Michael Rubloff
Dec 9, 2025
The surge of interest in radiance field workflows keeps revealing that the cleaner your data, the better your splats. Yesterday developer Nicolas Diolez published a preprocessing tool, 360 Extractor. It's a cross platform desktop application that turns equirectangular footage into rectilinear pinhole datasets built for Gaussian Splatting, COLMAP, and RealityScan.
360 Extractor parses 4K–8K footage into a grid of virtual cameras whose behavior can be tuned for the specific capture environment. Two camera passes, six camera cube setups, or full 36 camera distributions based on Fibonacci tiling and allows you to adjust pitch and inclination. For radiance field creators who have been manually orchestrating these projections with scripts and one off tools, this makes it a handy tool.
One of the more compelling touches is the automated blur filter, which uses a Variance of Laplacian pass to flag frames too soft to meaningfully contribute to a reconstruction. A built in analyzer even computes an optimal sharpness threshold by sampling frames from the selected video.
But the headline feature is operator removal. Using YOLOv8, 360 Extractor can detect humans in a scene and either drop those frames entirely or generate perfectly named masks for RealityScan. For creators using 360 cameras where the operator is almost impossible to hide, this alone may justify the tool.
Videos can be dragged into a batch queue, each file can be given its own extraction interval or camera configuration, and the shared settings panel updates dynamically as different items are selected.

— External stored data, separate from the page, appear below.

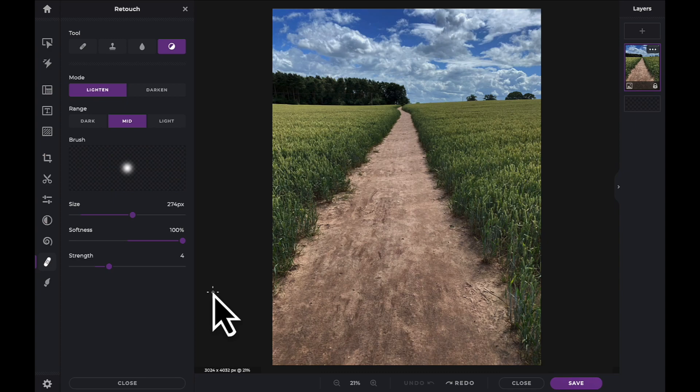In this example, we're going to use the lighten and darken, or dodge and burn tools, to work with the left half of our image so you can compare it to the untouched right half. At the end of the video, we will complete the rest of the image.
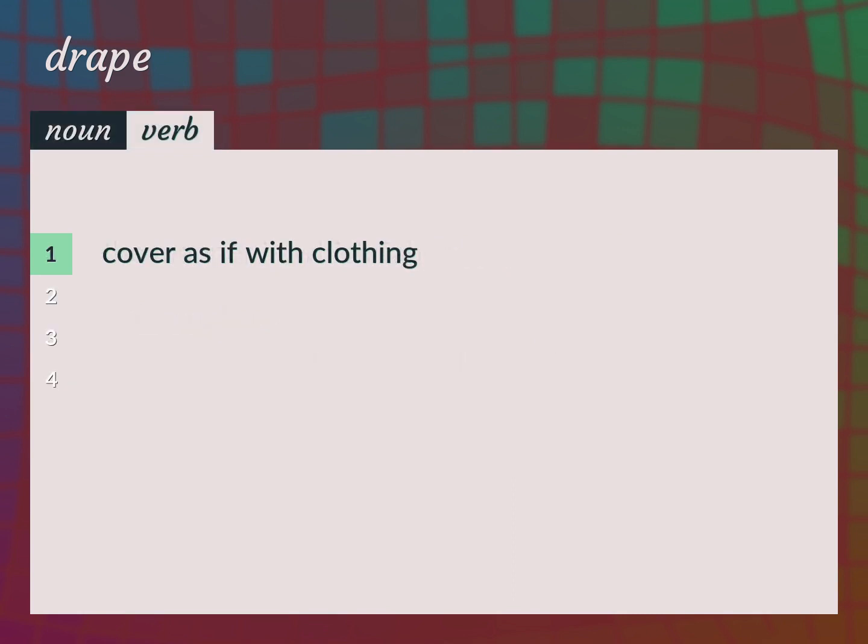Cover as if with clothing. Cloak, clothe, robe.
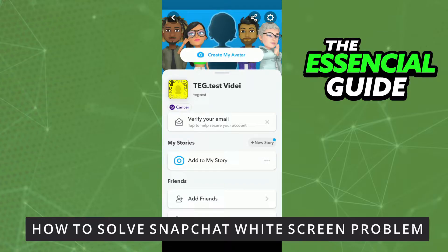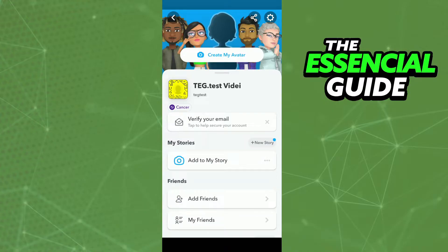So first of all, you need to go to the settings of your cell phone. You go to the settings of your cell phone.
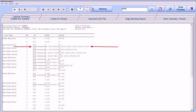CabinetPro produces face frame reports that mark the intersections of styles and rails on face frame parts. This makes assembly more efficient when you know where a rail intersects the style, or vice versa.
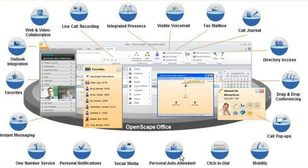Your own personal auto attendant — callers will hear a correct greeting based on your presence status. You can even configure your own options to offer callers. Click to dial or name search from social media sites, or chat to colleagues with the instant messaging feature.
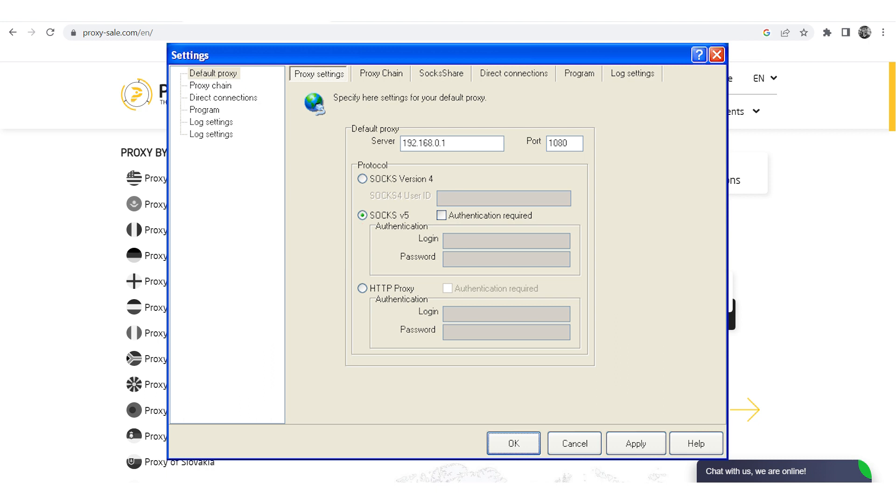To bind the proxy to Chrome, left-click on Chrome. Then click Run. The setup is complete. When using Chrome, the specified proxy will be in use.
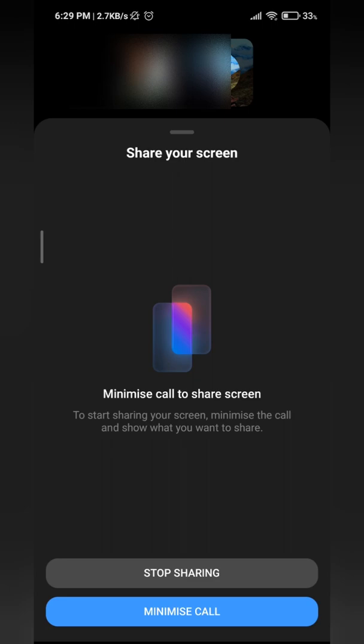Once you've done that, it will tell you to minimize call before you share your screen. Now as I'm already recording my screen, you will not be able to see my screen. But once you've clicked on minimize call, your screen will be shown to the person that you are on the call with.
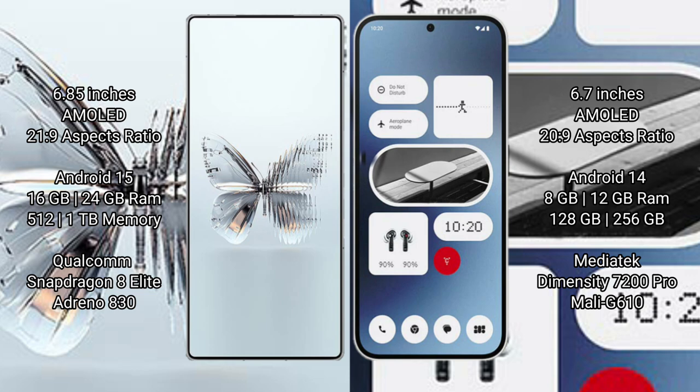Red Magic 10 Pro Plus comes with 16GB/24GB RAM, 512GB/1TB internal storage, Qualcomm Snapdragon 8 Elite processor, Adreno 830 GPU.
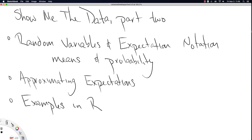This video is the second in the series 'Show Me the Data.' So this is Show Me the Data, Part 2. We're going to talk about random variables and expectation notation.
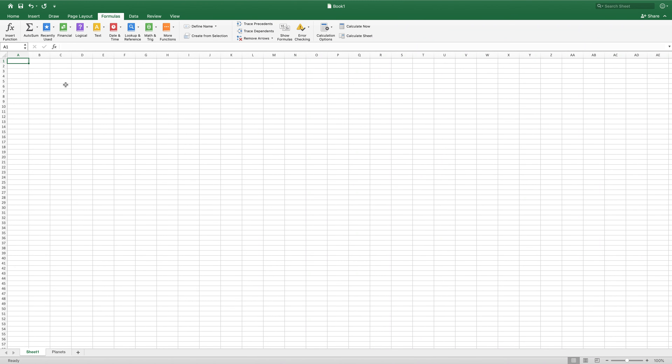Hello and welcome to our day three video for Excel. Today we're going to be going over functions and formulas and how these can be an extremely useful tool to summarize as well as to display your data and to make Excel do a lot of the work for you.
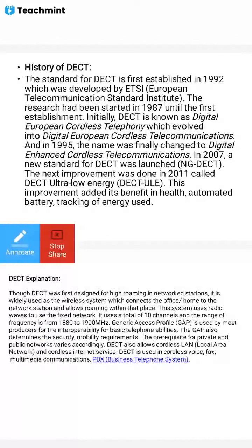DECT evolved as Digital European Cordless Telecommunication in 1995, when the name was finally changed to Digital Enhanced Cordless Telecommunication. In 2007, a new standard of DECT was launched. The next improvement was done in 2011, called DECT Ultra Low Energy, which added benefits in health, automated battery tracking, and energy use.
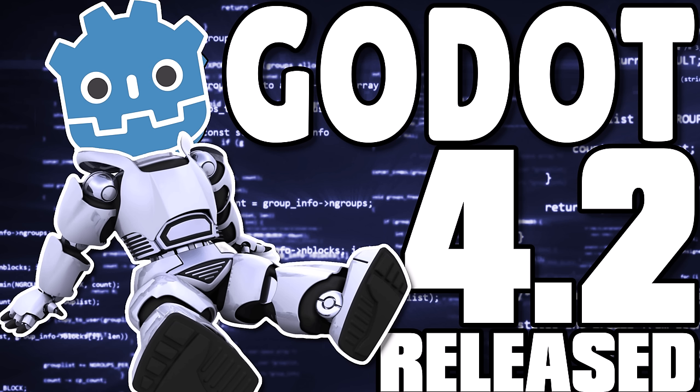Hello ladies and gentlemen, it's Mike here at Game From Scratch and it is time for a new version of Godot. Godot 4.2 just shipped today and we're going to jump in and take a look at some of the sexy new features.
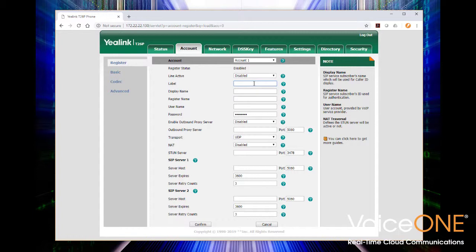Click on the account tab and we're going to configure account one — should be pretty straightforward. We're first going to give this account a label. Our extension today is going to be 3403, and we'll use that as the label and the display name. This information is going to be specific to your phone system or cloud service. We're using the Voice One Connect cloud service, so these credentials come directly from the cloud provider. The register name and username are going to be specific to your cloud service — and in our case they are actually the same. You'll get your password from your cloud service provider as well. If you're using an on-premise PBX, you'll get that information from your PBX or your telephone system administrator.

Processing is multithreaded and responsive, pushing through heavy footage on both macOS (with Apple Silicon optimizations) and Windows. Under the hood, 360 Extractor sticks to widely used libraries like Python, PySide6, OpenCV, but the interface is polished enough that the underlying scripts fade away.
RealityScan compatible .mask.png conventions are generated automatically. Because the project integrates Ultralytics’ YOLOv8, it ships under AGPL-3.0, a choice that foregrounds openness but requires derivative tools to remain equally transparent.
For anyone working with 360 rigs and hoping to sidestep the usual conversion headaches, 360 Extractor is free and available through GitHub.